Ses yeux montèrent vers les orbes chocolatés de l'étudiant. Son regard pétillait. Un frisson remonta le long du dos du footballeur quand les grandes mains de son meilleur ami se mirent à glisser contre ses flancs pour terminer leurs courses autour de son visage.
Le brun s'approcha et William scella de nouveau leurs lèvres. Depuis combien de siècles avait-il rêvé secrètement de ce moment ? Des croissant de chair Maxime contre les siens ? De cette sensation de plénitude ?
Le jeune homme avait toujours cru aux coups de foudre. Il y avait cru parce que c'était ce qu'il s'était passé sur ce terrain de foot seize ans plus tôt. Leurs regards s'étaient accrochés pour ne plus jamais se détacher.
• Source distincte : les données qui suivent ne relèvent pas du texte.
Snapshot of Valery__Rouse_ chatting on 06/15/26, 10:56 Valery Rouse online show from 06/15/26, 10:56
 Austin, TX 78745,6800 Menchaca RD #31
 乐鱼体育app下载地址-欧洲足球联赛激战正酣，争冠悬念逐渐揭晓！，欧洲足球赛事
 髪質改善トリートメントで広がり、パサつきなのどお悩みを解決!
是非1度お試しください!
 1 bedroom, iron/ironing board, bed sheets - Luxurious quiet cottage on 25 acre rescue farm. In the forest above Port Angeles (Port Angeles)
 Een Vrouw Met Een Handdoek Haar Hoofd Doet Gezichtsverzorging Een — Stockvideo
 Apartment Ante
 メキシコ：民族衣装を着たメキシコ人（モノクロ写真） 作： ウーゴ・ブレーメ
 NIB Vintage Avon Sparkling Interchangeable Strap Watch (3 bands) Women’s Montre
- Maxime, chuchota-t-il, sûr de lui pour la première fois de sa vie.
- Oui ?
Il ancra son regard océan dans le sien. William y lut tellement de fantômes et de sentiments.
- Je t'aime, depuis le premier jour.
- Moi aussi je t'aime. Dès que j'ai posé les yeux sur toi je l'ai su.
William posa son front contre celui de son amant et soupira de soulagement et de joie. Entre eux, cela avait toujours été une évidence.